-- ENTRIES SHOWN follows --
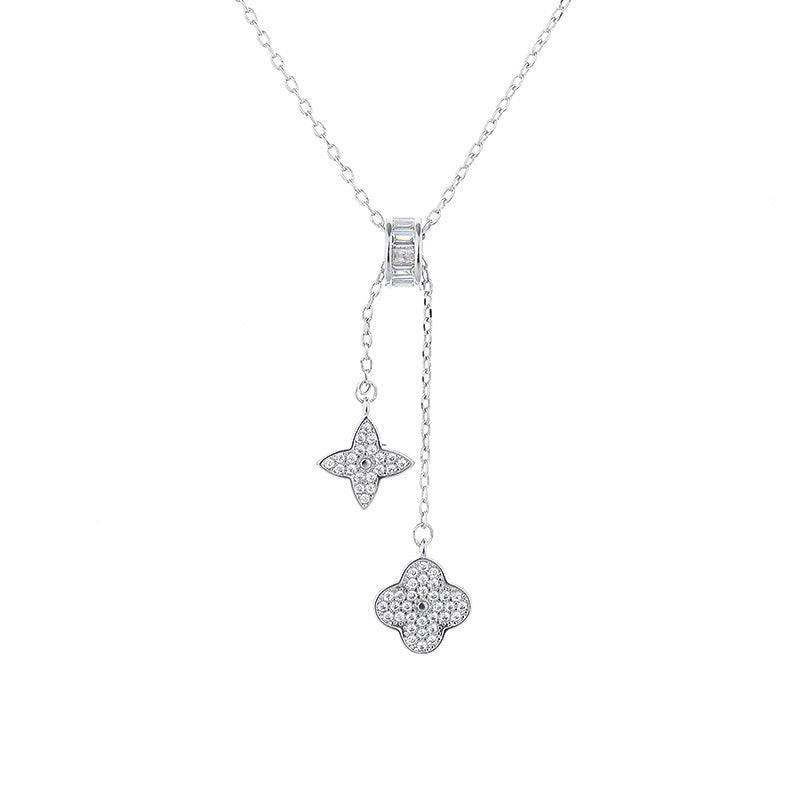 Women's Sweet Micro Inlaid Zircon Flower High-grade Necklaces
-- ENTRIES SHOWN concluded --
-- ENTRIES SHOWN follows --
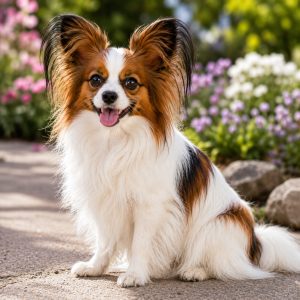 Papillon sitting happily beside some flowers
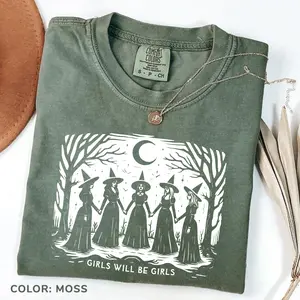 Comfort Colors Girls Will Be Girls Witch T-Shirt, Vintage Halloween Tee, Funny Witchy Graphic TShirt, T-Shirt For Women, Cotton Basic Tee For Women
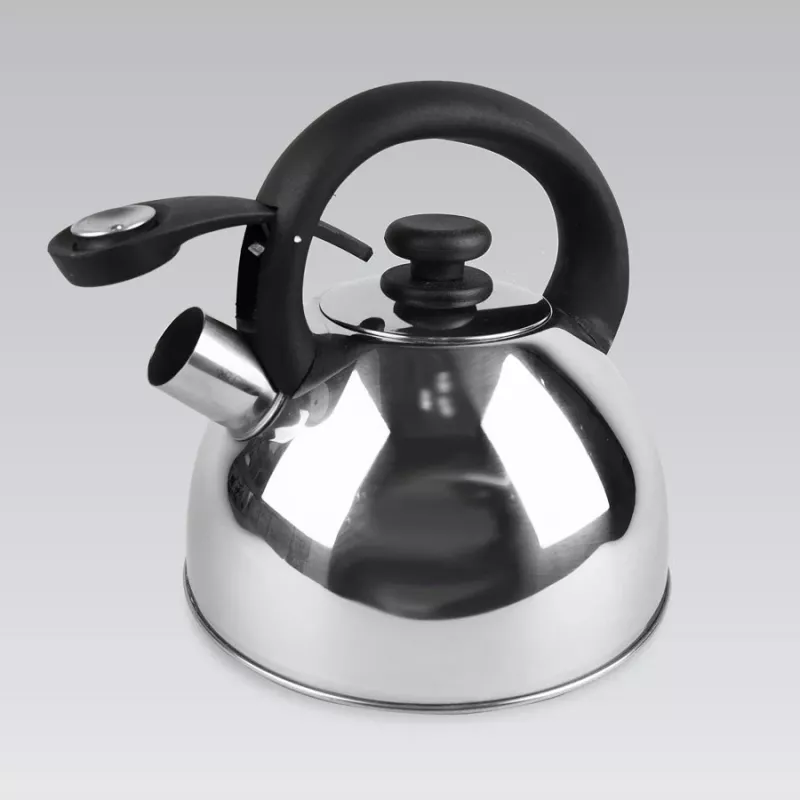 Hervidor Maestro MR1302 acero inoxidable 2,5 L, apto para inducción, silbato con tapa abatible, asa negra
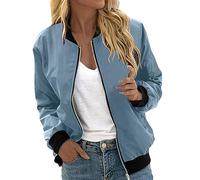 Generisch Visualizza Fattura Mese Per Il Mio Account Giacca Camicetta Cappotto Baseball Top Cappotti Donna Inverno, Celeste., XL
-- ENTRIES SHOWN concluded --
-- ENTRIES SHOWN follows --
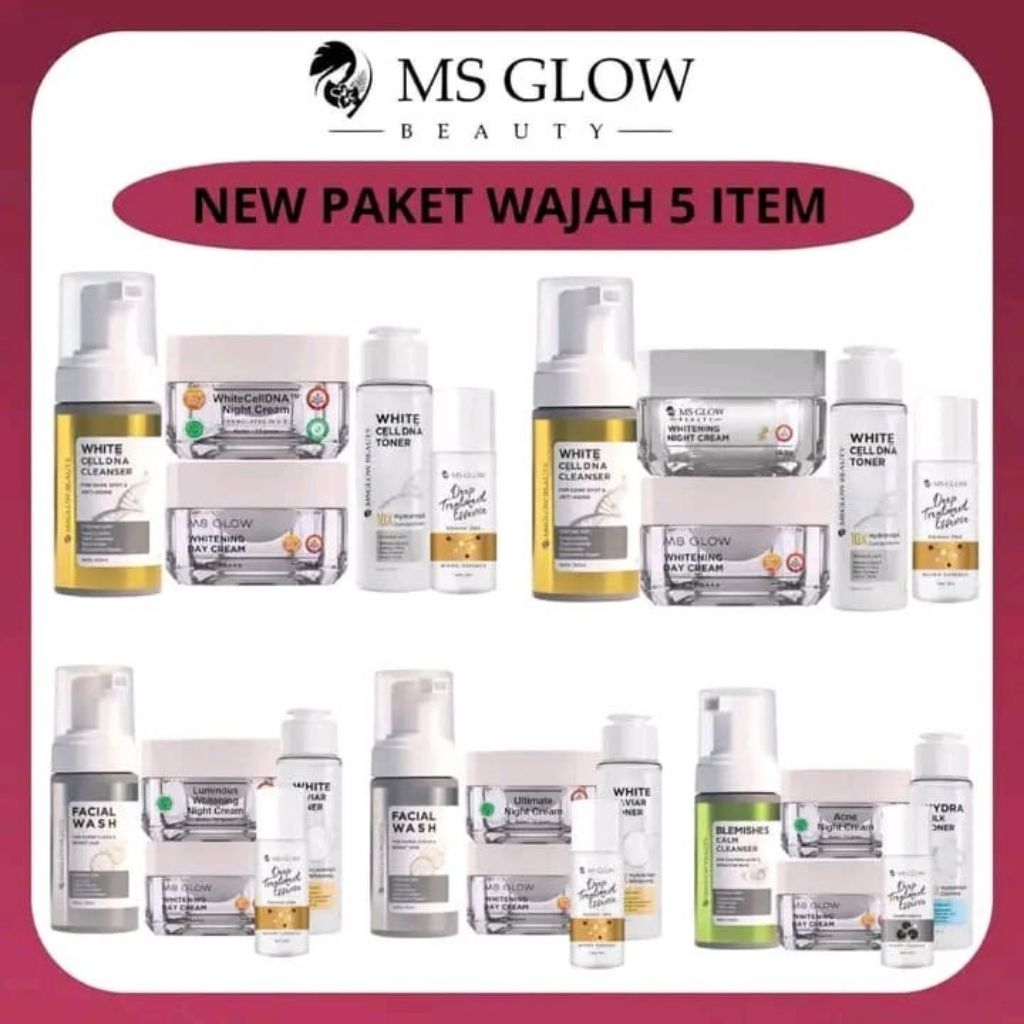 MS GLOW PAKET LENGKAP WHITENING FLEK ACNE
-- ENTRIES SHOWN concluded --
> _WHAT YOU SHOULD DO_
Reproduce, exactly and only, the lines of the records above starting at the line with "Hervidor Maestro MR1302" and ending at the line with "Generisch Visualizza Fattura", both included. Leave every picture out.

> _OUTPUT OF THE TASK_
 Hervidor Maestro MR1302 acero inoxidable 2,5 L, apto para inducción, silbato con tapa abatible, asa negra
 Generisch Visualizza Fattura Mese Per Il Mio Account Giacca Camicetta Cappotto Baseball Top Cappotti Donna Inverno, Celeste., XL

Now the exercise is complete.